• [What this task involves]: The result should be an exact copy of every record, with no pictures kept.

• [Dataset extract]:
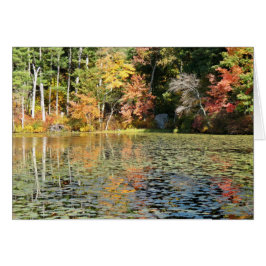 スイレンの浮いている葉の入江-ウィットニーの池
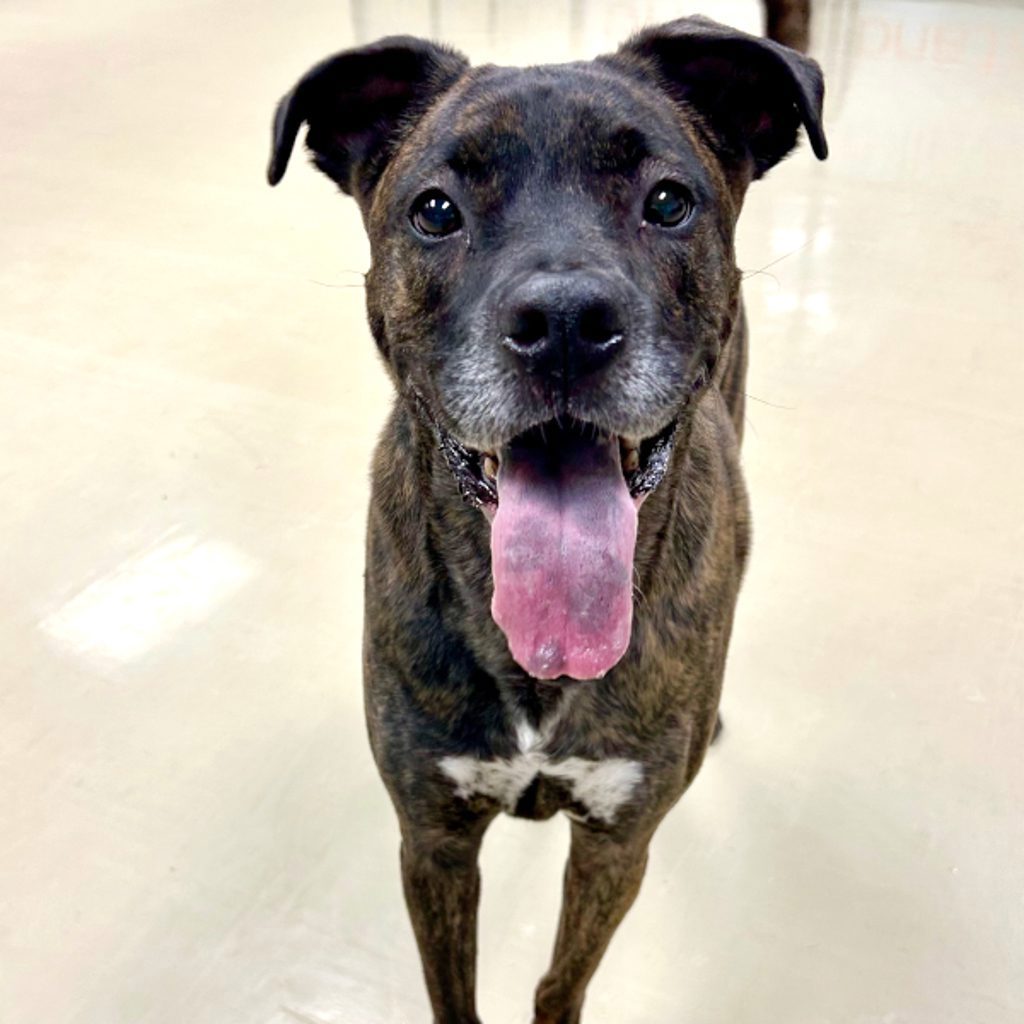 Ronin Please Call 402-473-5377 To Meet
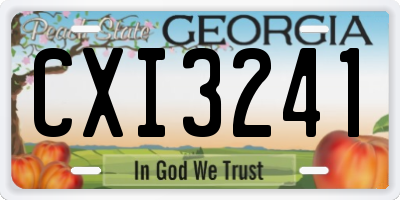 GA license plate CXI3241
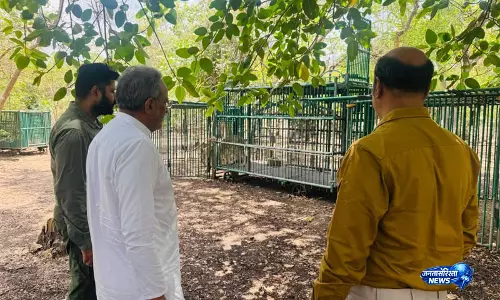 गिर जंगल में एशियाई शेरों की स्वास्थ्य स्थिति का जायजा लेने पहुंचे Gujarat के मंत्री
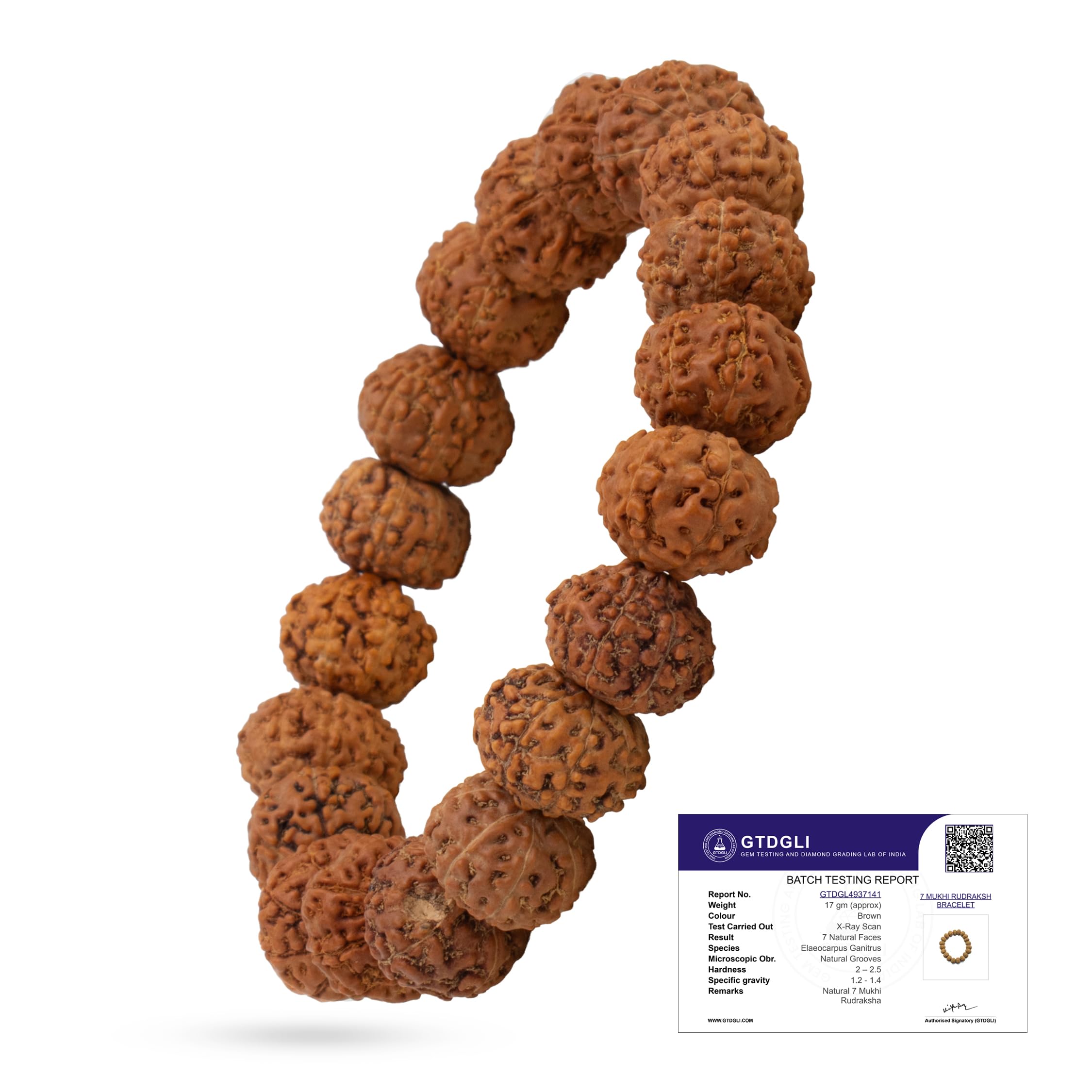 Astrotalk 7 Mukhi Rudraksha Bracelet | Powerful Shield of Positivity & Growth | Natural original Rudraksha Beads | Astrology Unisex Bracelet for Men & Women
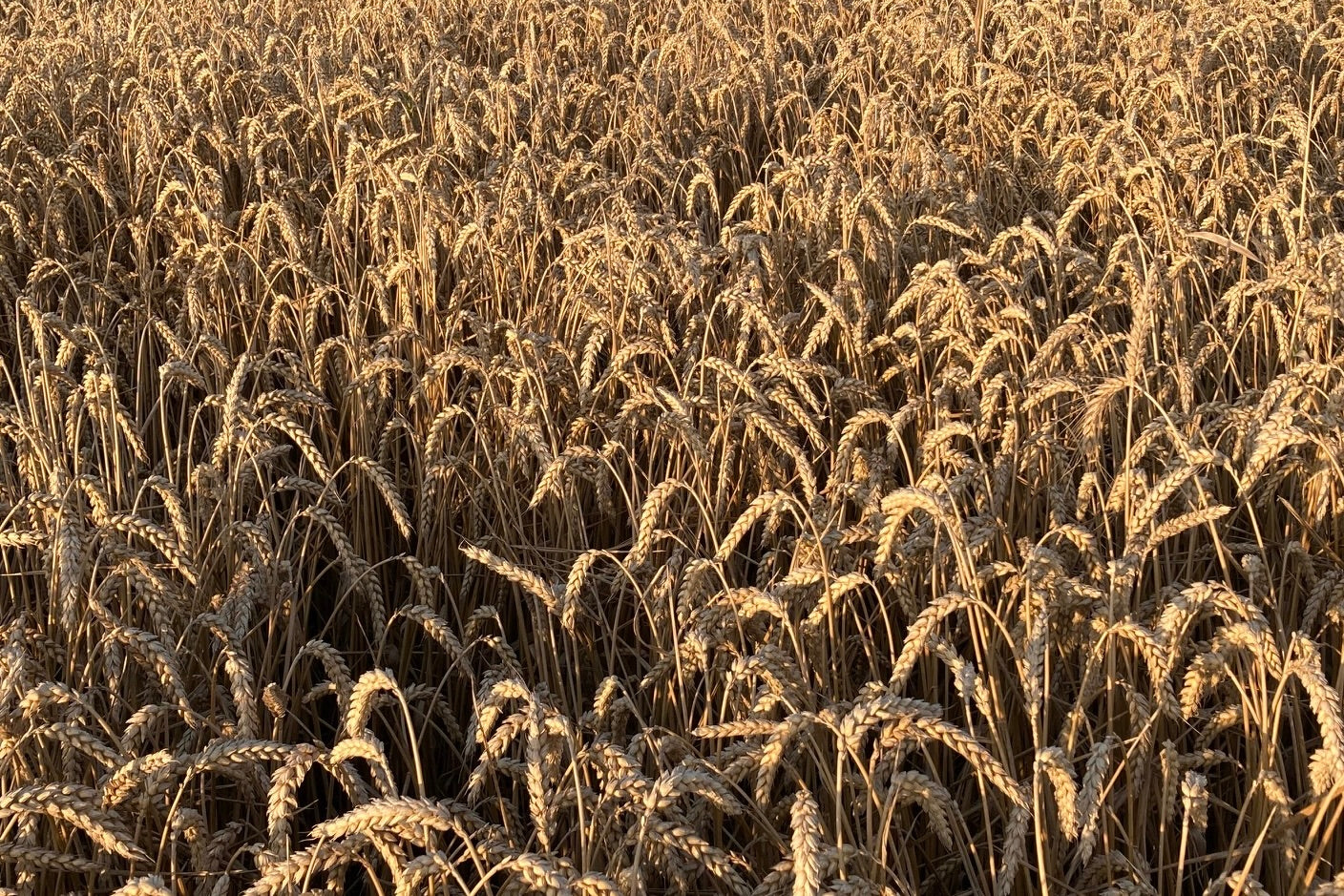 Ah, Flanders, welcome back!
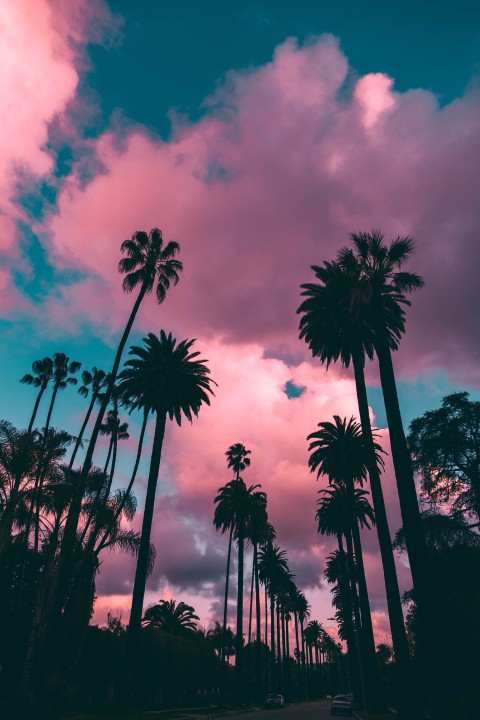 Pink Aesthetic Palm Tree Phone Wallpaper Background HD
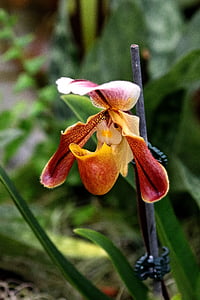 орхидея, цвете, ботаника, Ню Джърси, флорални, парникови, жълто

• [Response]:
 スイレンの浮いている葉の入江-ウィットニーの池
 Ronin Please Call 402-473-5377 To Meet
 GA license plate CXI3241
 गिर जंगल में एशियाई शेरों की स्वास्थ्य स्थिति का जायजा लेने पहुंचे Gujarat के मंत्री
 Astrotalk 7 Mukhi Rudraksha Bracelet | Powerful Shield of Positivity & Growth | Natural original Rudraksha Beads | Astrology Unisex Bracelet for Men & Women
 Ah, Flanders, welcome back!
 Pink Aesthetic Palm Tree Phone Wallpaper Background HD
 орхидея, цвете, ботаника, Ню Джърси, флорални, парникови, жълто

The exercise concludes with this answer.